TheMadScientist - 9:46 pm on Apr 10, 2010 (gmt 0)
Here, I'm frustrated with work for a minute, so let me see if I can explain a bit for those who may be interested...
Google is basically a database... The original storage method was referred to as 'Big Table' implicitly indicating the data collected is stored in a table, and from this inference some reasonable conclusions can be drawn when understanding the workings of a database. (The resource(s) for the references to 'Big Table' and underlying data storage changes are linked in the first post of the Oct. Updates Thread, you may have to read more articles than the one linked to find the reference(s).)
From the preceding knowledge reasonable understandings of the process and what an infrastructure change is compared to an algo change can be drawn...
Note: The algo is technically a heuristic, but algo will be used for ease of reading and typing.
1.) Google is a big database.
2.) The information they have is stored in a 'Big Table'
3.) The algo creates an index of the pages to be shown to visitors for speed of access.
So, when GoogleBot spiders it gets information and stores the information in a table. Originally the storage system was referred to as exactly what it is: Big Table (I'll call it the Original GFS), then Big Daddy (GFS 1), and now switching to Caffeine (GFS 2).
When or after the data is stored in the database table the information is retrieved and the algo is applied to the information.
To access data more efficiently in a database an index is used, which is basically a 'key' to say 'go to this portion of the hard disk to get the data' so rather than having to 'scan' the hard drive to find the location of the correct information it can be 'jumped' to quickly.
Reasonable conclusion: Google and other SEs refer to the dataset they display the results from as the 'index' because pages the algo has been applied to are stored in the index they search to find the results for a given query. (Hence the use of a noindex robots reference to remove a page from the results... It's not a 'noresults' reference or 'nodata' reference or 'nostore' reference, because the technical action happening is the page is not added to the index which is searched to generate the results.
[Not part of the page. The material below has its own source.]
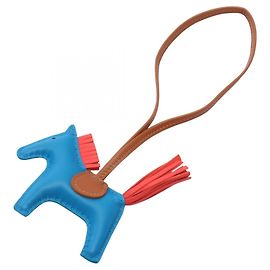 Hermès Hermes Rodeo PM Handbag Charm Braun Rot Blau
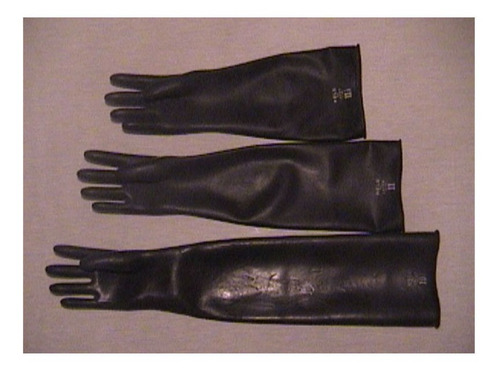Guante Latex Para Arenadoras Largo 55cmts. Pesados Talle 10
It's a direct note to the algo doing the processing and creating the index to not include a certain reference. This is also why a page with a 'noindex' reference on it can (and does) still pass PageRank. It's available in the table (data) used by the algo for calculations, but it's explicitly (at the direction of the site owner or operator) not included in the index published for searchers, so the page is not returned in the results.)
An infrastructure change can cause the results (shown from the index generated by the application of the algo) to change in a number of ways without the algo generating the index (results) changing. The results (index) generated can change from difference in the table data, including: the amount of data available, the speed of the access to the data stored in the table, the speed with which a new index that is publicly available and searchable can be generated, and a number of other ways.
A change to the algo will have an effect on the results (index created for people to search) regardless of the underlying dataset, but there may be different indexes generated from the same algo because of a change to the underlying data.
Hence, IMO, the need to draw a distinction between an algo change and an infrastructure change to have some clue of what is going on, because it's entirely possible since it appears (IMO) we are seeing an algo and infrastructure change at the same time what some of the things being reported are is 'adjustments to the algo' and not necessarily a 'roll back' to the Big Daddy dataset.
Helpnow said the results appeared old, but the pages included in the resultset were up-to-date, so what Helpnow may be observing is a reversion to a different algo (ranking and index creation mechanism) even though the underlying data could still be Caffeine... It's been reported by tedster (and others I think) the Big Daddy and Caffeine infrastructure are not compatible and cannot even be stored in the same place, so my guess is once they roll with the Caffeine infrastructure to a data center they do not revert to the Big Daddy dataset, but rather change, adjust, tune and if necessary, revert the algo generating the index to a previous more stable version...